東京・春・音楽祭の毎年の目玉であるムーティ指揮のオペラや演奏会。残念ながら、今年はオペラ上演はありませんが、恒例の春祭オーケストラの演奏会はイタリアもののオペラ曲と管弦楽曲で固めた垂涎のプログラム。
ステージに現れたムーティは今年84歳になるとはとても見えないしっかりとした足取りと姿勢。登場とともに、ホールに大きく暖かい期待感一杯の歓迎の拍手とともに、ステージ上には緊張感も走ります。

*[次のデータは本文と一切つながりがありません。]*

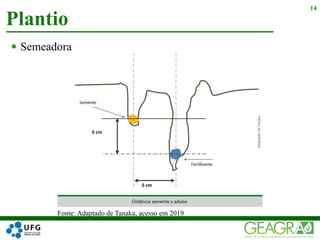 14
 Semeadora
Plantio
Fonte: Adaptado de Tanaka, acesso em 2019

前半はオペラの序曲や間奏曲。勇壮な<ナブッコ>の序曲で始まり、その後は優しく、柔らかい間奏曲が続きます。ピシっとしまったナブッコは想定の範囲内ですが、《カヴァレリア・ルスティカーナ》や《道化師》の甘い間奏曲でもムーティが振ると溶けるような甘さの中にギリギリの張り詰めたものが感じられるのが不思議です。本当に純度高い良い音楽を聴かせてもらっているという幸せな気持ちで充たされます。
尻上がりに熱量が上がり、《運命の力》序曲は超弩級の演奏。ジュニアオールスターズとも呼べるN響の郷古コンマスのリードの元、ホールの空気が揺れているのが分かるほど、造形は崩れることなく圧倒的なパワフルな演奏でヴェルディを堪能。

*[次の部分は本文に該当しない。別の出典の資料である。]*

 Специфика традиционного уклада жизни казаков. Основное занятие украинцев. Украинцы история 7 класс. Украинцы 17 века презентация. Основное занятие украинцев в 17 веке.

後半のトップバッターのカタラーニ、コンテンプラツィオーネは初めて聴く曲でしたが、とても優しく美しい音楽。そして、フィナーレのレスピーギの交響詩《ローマの松》は 圧巻でした。第一曲冒頭から万華鏡を見るようなきらめき輝く音色に胸を鷲掴みにされる感覚です。カタコンペに眠る死者たちの深い唸りのように聴こえてくる第二曲。そして第四曲の堂々として自信に満ちた〈アッピア街道の松〉。まさに古代ローマ軍の凱旋行進のようでした。
春祭オケは、ジュニアとは言っても、私が知っているだけでも、日本の主要オーケストラで活躍している演奏家が多数参加していて実力は保証付きでしょうが、そんな日本のエリート若手音楽家も、「この機会を逃すまじ」というかの如くの気迫で、必至にムーティにくらいついて行くのが分かる演奏。聴く者にとっても、オケがから発せられる音が体に刻み込まれる様な至高の音楽体験でした。
カーテンコールは凄まじい拍手。何度も呼び戻され、最後は腰を曲げて老人アピールをして退場。年齢を重ねても元気な指揮者は沢山いますが、ムーティほど老いを感じさせない指揮者はそうはいないと思います。来年も元気に来日して欲しいです。
2025年4月11日 [金] 19:00開演(18:00開場)
東京文化会館 大ホール
指揮:リッカルド・ムーティ
管弦楽:東京春祭オーケストラ
曲目
ヴェルディ:歌劇《ナブッコ》序曲
マスカーニ:歌劇《カヴァレリア・ルスティカーナ》間奏曲
レオンカヴァッロ:歌劇《道化師》間奏曲
ジョルダーノ:歌劇《フェドーラ》間奏曲
プッチーニ:歌劇《マノン・レスコー》間奏曲
ヴェルディ:歌劇《運命の力》序曲
カタラーニ:コンテンプラツィオーネ
レスピーギ:交響詩《ローマの松》
Riccardo Muti Conducts Tokyo-HARUSAI Festival Orchestra
April 11 [Fri.], 2025 at 19:00(Door Open at 18:00)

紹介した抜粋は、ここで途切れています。